Law enforcement officers do not have an unfettered right to search a vehicle. Officers may not conduct a search unless they have probable cause.
Here are some important things that individuals who are facing charges resulting from a search of their vehicle should understand about probable cause.
What constitutes probable cause?
To proceed with a search, police must reasonably believe that they may find weapons, drugs, or evidence of a crime. A police officer’s hunch that a person looks like a criminal or may have drugs in the car does not amount to probable cause.
A proper determination of probable cause must be reasonable and readily articulable. If an officer sees contraband in plain view on the floor or seat of a vehicle, that observation would constitute probable cause to support a search.
Does consenting to a search eliminate the requirement of probable cause?
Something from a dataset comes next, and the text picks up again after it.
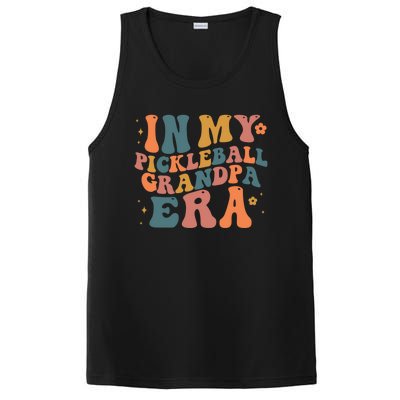 In My Pickleball Grandpa Era Funny Groovy S Gift PosiCharge Competitor Tank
When officers request to search a vehicle, a driver might interpret the request as an indication that they have legal grounds to do so. However, New Jersey’s Supreme Court has previously found that giving an officer permission to conduct a search does not do away with the need for probable cause. Officers must make a determination of probable cause prior to asking for consent to a search.
In the absence of probable cause, searching a vehicle may be a violation of the fourth amendment. Evidence that officers obtain from an unconstitutional search is inadmissible in a criminal trial, and a defense attorney may move to suppress the evidence or dismiss the charges.